§ **What the task asks**:
All that should come back is the lines of the data below from the one containing "Work Life Balance" to the one containing "Vintage Nike Manchester", inclusive, exactly as they stand.

§ **Exercise material**:
···
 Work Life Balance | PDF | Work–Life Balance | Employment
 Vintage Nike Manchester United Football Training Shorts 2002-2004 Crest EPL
···
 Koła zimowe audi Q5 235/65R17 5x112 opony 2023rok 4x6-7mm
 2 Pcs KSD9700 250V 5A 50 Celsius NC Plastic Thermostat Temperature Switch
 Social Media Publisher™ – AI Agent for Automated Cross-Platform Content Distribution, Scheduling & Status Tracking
···
§ **Response box**:
 Work Life Balance | PDF | Work–Life Balance | Employment
 Vintage Nike Manchester United Football Training Shorts 2002-2004 Crest EPL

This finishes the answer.